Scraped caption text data
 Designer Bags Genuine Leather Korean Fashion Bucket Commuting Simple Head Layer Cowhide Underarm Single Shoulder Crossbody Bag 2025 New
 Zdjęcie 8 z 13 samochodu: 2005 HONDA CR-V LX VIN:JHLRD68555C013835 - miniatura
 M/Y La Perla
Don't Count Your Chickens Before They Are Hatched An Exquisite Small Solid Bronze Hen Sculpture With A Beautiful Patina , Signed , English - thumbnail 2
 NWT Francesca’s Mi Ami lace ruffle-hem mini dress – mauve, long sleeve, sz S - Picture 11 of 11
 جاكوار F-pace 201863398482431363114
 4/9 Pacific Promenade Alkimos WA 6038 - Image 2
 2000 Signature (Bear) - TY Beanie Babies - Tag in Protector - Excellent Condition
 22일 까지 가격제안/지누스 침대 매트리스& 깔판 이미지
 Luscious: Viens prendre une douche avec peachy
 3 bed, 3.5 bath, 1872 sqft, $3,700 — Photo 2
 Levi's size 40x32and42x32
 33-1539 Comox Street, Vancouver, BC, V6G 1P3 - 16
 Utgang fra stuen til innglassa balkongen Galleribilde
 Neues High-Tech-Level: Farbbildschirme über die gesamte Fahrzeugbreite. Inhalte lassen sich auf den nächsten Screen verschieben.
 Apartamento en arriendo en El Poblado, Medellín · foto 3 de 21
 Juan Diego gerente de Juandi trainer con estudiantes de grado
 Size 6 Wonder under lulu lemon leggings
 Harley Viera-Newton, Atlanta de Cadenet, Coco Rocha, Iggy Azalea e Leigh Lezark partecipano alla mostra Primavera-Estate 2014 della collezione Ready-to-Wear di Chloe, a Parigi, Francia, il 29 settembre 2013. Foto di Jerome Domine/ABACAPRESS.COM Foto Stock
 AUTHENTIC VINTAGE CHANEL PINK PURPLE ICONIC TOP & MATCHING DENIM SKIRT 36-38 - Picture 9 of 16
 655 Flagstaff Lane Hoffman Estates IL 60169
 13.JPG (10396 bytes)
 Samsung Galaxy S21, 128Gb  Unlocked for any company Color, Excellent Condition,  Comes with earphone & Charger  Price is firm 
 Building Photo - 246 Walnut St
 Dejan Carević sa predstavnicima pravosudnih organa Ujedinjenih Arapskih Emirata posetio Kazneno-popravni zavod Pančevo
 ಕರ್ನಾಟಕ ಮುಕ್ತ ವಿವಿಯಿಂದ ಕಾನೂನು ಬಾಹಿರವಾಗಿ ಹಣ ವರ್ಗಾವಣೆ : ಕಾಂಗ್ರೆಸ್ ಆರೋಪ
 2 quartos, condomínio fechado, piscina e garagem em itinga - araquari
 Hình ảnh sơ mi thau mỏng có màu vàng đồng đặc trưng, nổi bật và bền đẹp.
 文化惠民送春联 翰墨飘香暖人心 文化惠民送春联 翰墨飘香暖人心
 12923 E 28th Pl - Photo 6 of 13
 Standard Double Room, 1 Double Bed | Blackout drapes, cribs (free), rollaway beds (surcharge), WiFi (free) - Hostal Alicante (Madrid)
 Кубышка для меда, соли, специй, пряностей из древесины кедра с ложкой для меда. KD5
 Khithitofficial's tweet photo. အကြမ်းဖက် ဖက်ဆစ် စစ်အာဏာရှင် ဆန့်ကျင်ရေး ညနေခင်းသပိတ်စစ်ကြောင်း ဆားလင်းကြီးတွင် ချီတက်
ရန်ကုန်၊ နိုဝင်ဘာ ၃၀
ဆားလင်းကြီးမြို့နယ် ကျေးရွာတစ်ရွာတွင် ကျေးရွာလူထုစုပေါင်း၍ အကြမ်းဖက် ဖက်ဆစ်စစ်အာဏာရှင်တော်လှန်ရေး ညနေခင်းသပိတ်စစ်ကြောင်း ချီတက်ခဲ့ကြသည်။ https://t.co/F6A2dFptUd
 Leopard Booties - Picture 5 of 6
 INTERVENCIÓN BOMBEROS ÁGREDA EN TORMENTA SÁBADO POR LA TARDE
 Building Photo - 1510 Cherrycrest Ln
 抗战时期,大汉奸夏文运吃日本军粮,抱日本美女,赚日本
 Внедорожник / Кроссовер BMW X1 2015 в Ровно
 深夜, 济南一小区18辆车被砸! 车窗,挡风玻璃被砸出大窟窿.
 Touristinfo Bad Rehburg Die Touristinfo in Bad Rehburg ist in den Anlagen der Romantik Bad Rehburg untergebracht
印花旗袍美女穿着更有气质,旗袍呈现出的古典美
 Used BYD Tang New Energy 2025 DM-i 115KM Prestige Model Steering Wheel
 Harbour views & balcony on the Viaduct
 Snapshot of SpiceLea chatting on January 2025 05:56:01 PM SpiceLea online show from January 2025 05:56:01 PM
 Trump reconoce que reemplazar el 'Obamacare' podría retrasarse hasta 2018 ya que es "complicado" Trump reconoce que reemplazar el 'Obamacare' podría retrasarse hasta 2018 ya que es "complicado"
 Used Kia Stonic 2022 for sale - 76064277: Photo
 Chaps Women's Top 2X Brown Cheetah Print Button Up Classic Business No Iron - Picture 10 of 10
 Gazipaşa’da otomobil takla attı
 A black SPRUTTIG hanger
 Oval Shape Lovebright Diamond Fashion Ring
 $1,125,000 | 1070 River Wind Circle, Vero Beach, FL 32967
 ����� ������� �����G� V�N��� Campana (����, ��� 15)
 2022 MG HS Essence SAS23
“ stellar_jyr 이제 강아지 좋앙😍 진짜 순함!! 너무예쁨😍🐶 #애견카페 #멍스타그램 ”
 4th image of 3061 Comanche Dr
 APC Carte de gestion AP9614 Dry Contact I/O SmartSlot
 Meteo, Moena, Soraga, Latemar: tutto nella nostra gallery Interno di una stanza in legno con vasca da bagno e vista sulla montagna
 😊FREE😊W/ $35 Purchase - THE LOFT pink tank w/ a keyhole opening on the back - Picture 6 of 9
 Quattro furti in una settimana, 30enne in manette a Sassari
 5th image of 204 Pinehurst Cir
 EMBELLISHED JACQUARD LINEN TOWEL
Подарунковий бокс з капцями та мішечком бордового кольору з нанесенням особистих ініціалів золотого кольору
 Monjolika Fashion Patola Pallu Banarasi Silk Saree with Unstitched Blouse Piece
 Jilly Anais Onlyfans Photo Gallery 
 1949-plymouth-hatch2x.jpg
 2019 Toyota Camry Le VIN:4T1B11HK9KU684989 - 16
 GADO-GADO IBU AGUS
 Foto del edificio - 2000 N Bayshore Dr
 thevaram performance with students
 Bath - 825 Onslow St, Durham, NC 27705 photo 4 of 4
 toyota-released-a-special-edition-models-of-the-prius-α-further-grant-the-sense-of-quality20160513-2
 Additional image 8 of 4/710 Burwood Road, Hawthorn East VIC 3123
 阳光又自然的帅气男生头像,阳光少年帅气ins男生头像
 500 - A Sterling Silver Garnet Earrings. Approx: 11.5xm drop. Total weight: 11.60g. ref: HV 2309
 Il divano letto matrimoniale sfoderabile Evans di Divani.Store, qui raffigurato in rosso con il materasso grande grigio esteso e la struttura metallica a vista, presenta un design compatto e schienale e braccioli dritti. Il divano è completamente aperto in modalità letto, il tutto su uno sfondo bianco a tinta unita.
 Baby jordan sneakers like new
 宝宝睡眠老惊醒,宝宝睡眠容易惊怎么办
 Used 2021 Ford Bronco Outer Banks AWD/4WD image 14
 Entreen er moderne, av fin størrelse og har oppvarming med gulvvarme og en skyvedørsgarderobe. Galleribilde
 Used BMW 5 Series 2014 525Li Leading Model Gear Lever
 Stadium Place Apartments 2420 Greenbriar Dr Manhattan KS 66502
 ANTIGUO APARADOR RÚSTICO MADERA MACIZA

WHAT YOU ARE ASKED TO DO — Pick out each line above that includes "vista" and show it.

OUTPUT OF THE EXERCISE —
 Meteo, Moena, Soraga, Latemar: tutto nella nostra gallery Interno di una stanza in legno con vasca da bagno e vista sulla montagna
 Il divano letto matrimoniale sfoderabile Evans di Divani.Store, qui raffigurato in rosso con il materasso grande grigio esteso e la struttura metallica a vista, presenta un design compatto e schienale e braccioli dritti. Il divano è completamente aperto in modalità letto, il tutto su uno sfondo bianco a tinta unita.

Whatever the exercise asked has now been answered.